§ **TASK OBJECTIVE**: Between the line containing "Nike Phantom GT" and the line containing "6 Person Holiday Home in Gilleleje - Foto 3" lies a run of lines; give that run again exactly, with both of those lines, and nothing else from the entries below.

§ **DATASET RECORDS**:

***

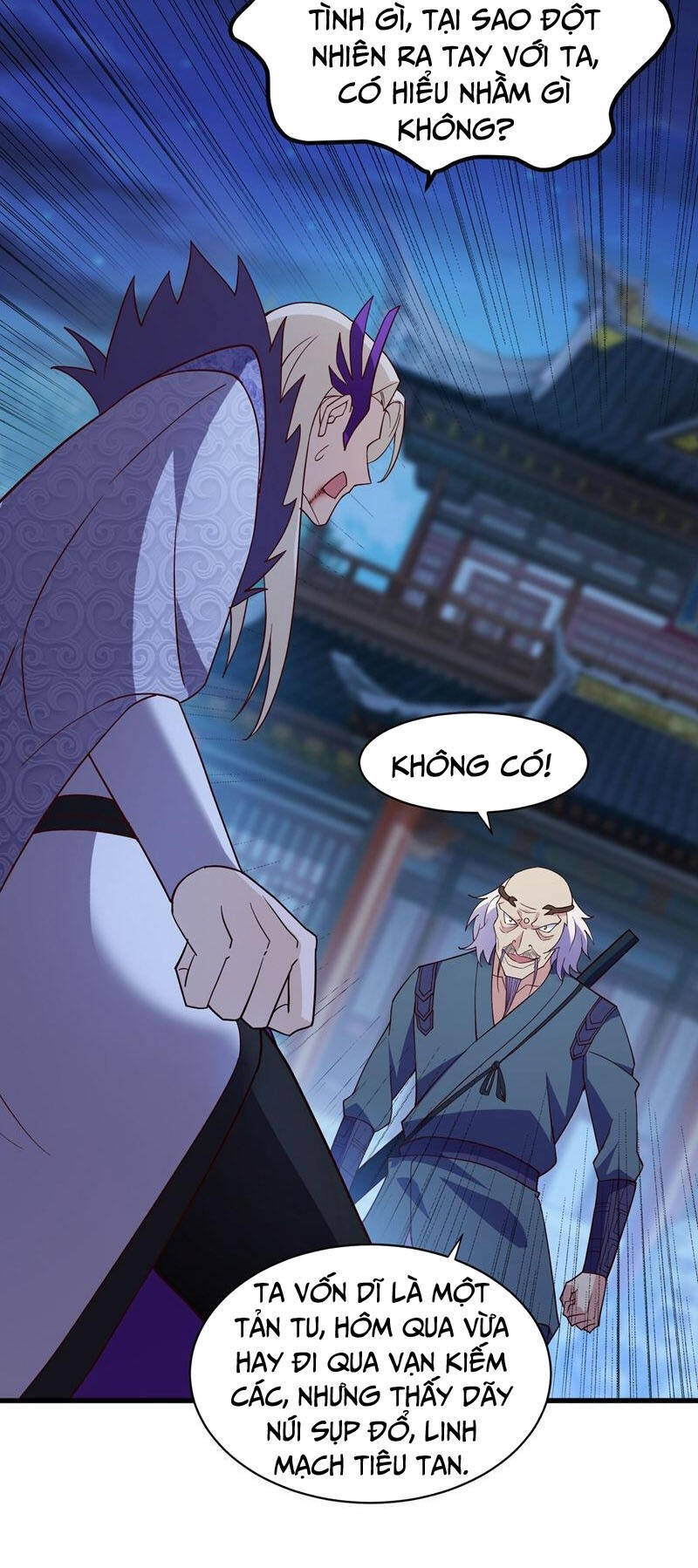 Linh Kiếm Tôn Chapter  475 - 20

***

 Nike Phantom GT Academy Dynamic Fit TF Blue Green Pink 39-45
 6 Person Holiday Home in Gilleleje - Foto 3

***

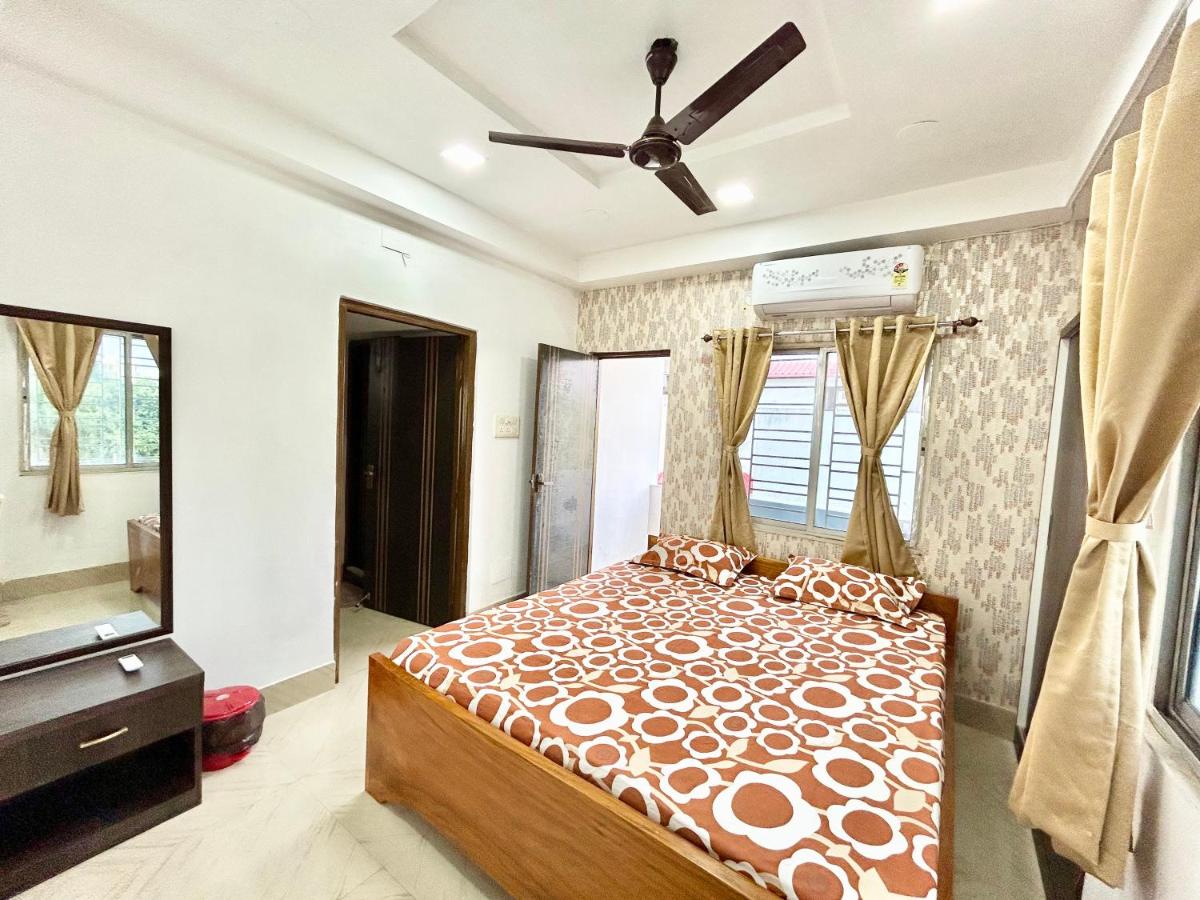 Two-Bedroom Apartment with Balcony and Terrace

***

§ **RESULT OF THE TASK**:
 Nike Phantom GT Academy Dynamic Fit TF Blue Green Pink 39-45
 6 Person Holiday Home in Gilleleje - Foto 3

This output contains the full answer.